The invention relates to a device for and and a method of working up used pickling and etching liquids.
Many chemical and electrochemical methods of etching and pickling metals are in use in which a metal object is subjected to a surface treatment or in which it is subjected to a non-mechanical metal-removing treatment. In all these methods metal goes into solution. Especially in continuous processes in which recirculation takes place the gradual increase in concentration of ions or the formation of a precipate may considerably disturb or even stop the desired etching or pickling reaction. However, continuous regeneration is not always easy to perform so that in many processes large quantities of consumed liquids remain which as a rule cannot be disposed of as such in view of encironmental pollution and the value of the dissolved substances. Much is known already about the recovery of the metal gone into solution and the used etching and pickling agent, respectively. Much is known in particular about liquids in which a volatile acid or a salt of a volatile acid is present as a reagent.
A device for and a method of recovering hydrochloric acid and iron in the form of iron oxide is known from U.S. Pat. No. 2,471,844.
The device employed comprises a cylindrical reaction space which is accomodated at an angle with respect to the earth's surface and is filled with balls which can traverse through the reaction space, means for supplying the said liquids to the reaction space, means for treating the balls to a temperature at which at their surface the substances formed during etching and pickling, respectively, and present in the liquid to be worked up can undergo a pyrolysis reaction and the solvent evaporates, mechanical means for removing pyrolysis products present on the surface of the balls after the balls have left the reaction space, and means to process the released gases and vapours.

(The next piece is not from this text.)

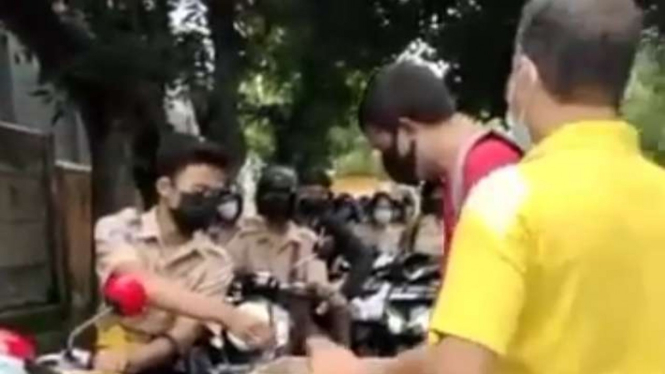 Tangkapan layar (screenshot) video yang memperlihatkan siswa SMA Negeri 8 Mataram, Nusa Tenggara Barat, dipungut uang parkir di sekolah itu.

The means for heating the balls are embodied in the said U.S. Patent in a vertical furnace in which the balls of an inert material are introduced at the top, are heated at a temperature of, for example 1000.degree. C. and are removed at a lower level and moved into a rotary kiln the axis of which encloses a small angle with the earth's surface and in which the iron chloride-containing liquids are also supplied. A reaction takes place at the surface of the balls with gases in which iron oxide is formed and hydrochloric acid in gaseous form escapes. If the liquid comprises iron in the trivalent form ferric oxide is deposited on the balls. However, if it comprises iron in the bivalent form oxygen must be added to the rotating furnace if ferric oxide is desired. The balls covered with iron oxide fall on a grate as a result of which the iron oxide thereof is removed. The balls are returned to the vertical oven. The escaping gases are applied to an absorption tower and thus converted into a hydrochloric solution of the desired strength. Ferric nitrate solutions and aluminium chloride solutions are worked up in a similar manner.
A disadvantage of the known device is that the rotary furnace in which the reaction with the agressive gases takes place involves great sealing problems.